The batch update will count all the entries for each tag and add up the number of units used.

We will interpret units as follows:

The most-used units for a given tag will be the assumed unit for entries without units. Thus:

"aspirin 200mg" and "aspirin 200" will mean the same thing.

if a unit isn't found in the TagUnitMap, assume it is the most-used unit:

"aspiring 200mg", "aspirin 200", "aspirin 200millg" will mean the same thing ("millig" is a misspelling).

Finally, when sending query data back to the client, normalize it to the most-used unit, using the ratios in the unit group.

Note that two unit groups may have the same unit strings shared between them. The units group that matches the stats most closely (most number of matches) wins.

Sample unit groups to start with:

distance: m, meter, foot, feet, ft, yard, yards, miles, km, kilometers, kilometers, kilometer, kilometre, kilometres

duration: m, min, mins, minute, minutes, h, hours, hrs, hour, day, days, d, week, weeks, wks, wk, month, months, mnths, year, years, y, century, centuries, ms, millisecond, milliseconds, microsecond, microseconds, picosecond, picoseconds

(for month, just use an assumption it is 30.4375 days)

weight: g, grams, pound, pounds, lbs, kg, kilograms, (etc.... add on to this list)

And so on.
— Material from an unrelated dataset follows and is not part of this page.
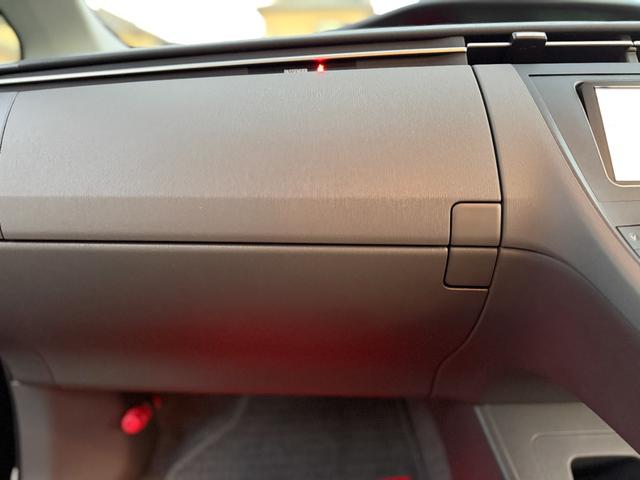 プリウス Ｓ　禁煙車　純正ＯＰメモリーナビ　１セグＴＶ　バックカメラ　フルオートエアコン　電動格納ミラー　ビルトインＥＴＣ　ヘッドライトレベライザー　シートリフター　ミラーウインカー　グレーインテリア　ステリモ（42枚目）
We can just start with these three, it's easy to add more once we have this implemented.

visheshd commented 10 years ago

Note that two unit groups may have the same unit strings shared between them. The units group that matches the stats most closely (most number of matches) wins.
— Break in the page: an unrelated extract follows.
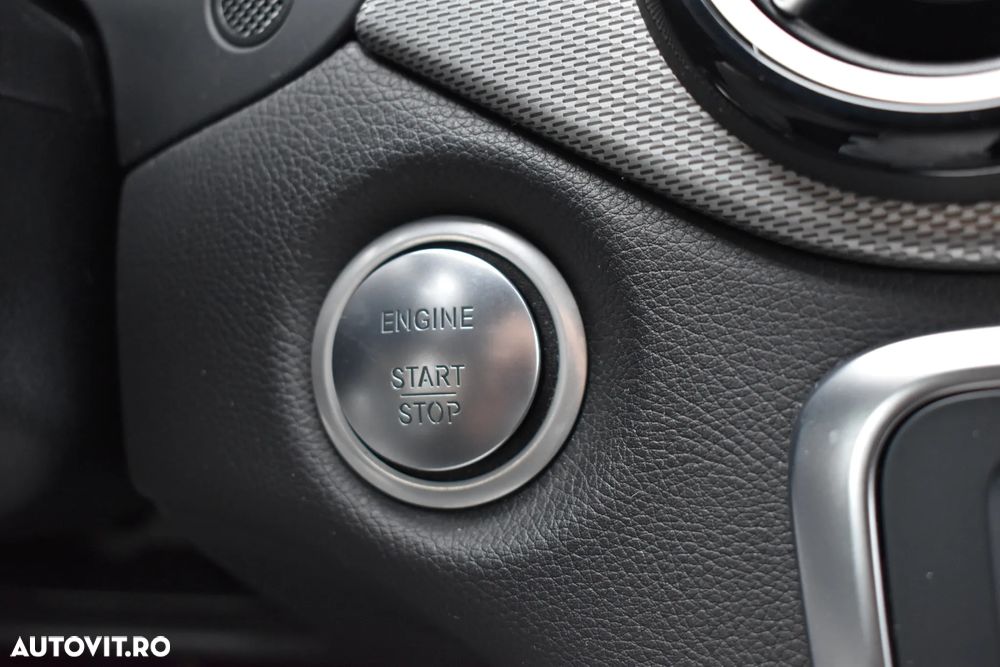 Mercedes-Benz A 220 4MATIC Aut. - 28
Initially when there are no stats how do we resolve the shared tags?

syntheticzero commented 10 years ago

What we want to do eventually is use the tag itself as a hint. So there should be a method that computes the appropriate tag unit group for a given tag and all the units associated with the tag, and eventually we'll use the tag itself to give hints about the units.

However, for now, for any given unit string we should have a prioritization of which tag unit group is the most likely to be the correct interpretation. For example, "m" should have a larger association with "meters", and a smaller one for "minutes". I guess what we could do is associate a numeric score with each unit string and unit group, to indicate how "strongly" we think the unit should be in that group. So instead of just a list of strings, it's a list of string, number pairs. We can score the association by the sum of all the numbers, not just the number of matching strings.

If, even after all this, the scores are the same for two unit groups, just pick one, doesn't matter.

syntheticzero commented 10 years ago

Let's make the association scores, say, 1-10. Go ahead and assign whatever you think is appropriate for now and we'll go over these later and tweak them.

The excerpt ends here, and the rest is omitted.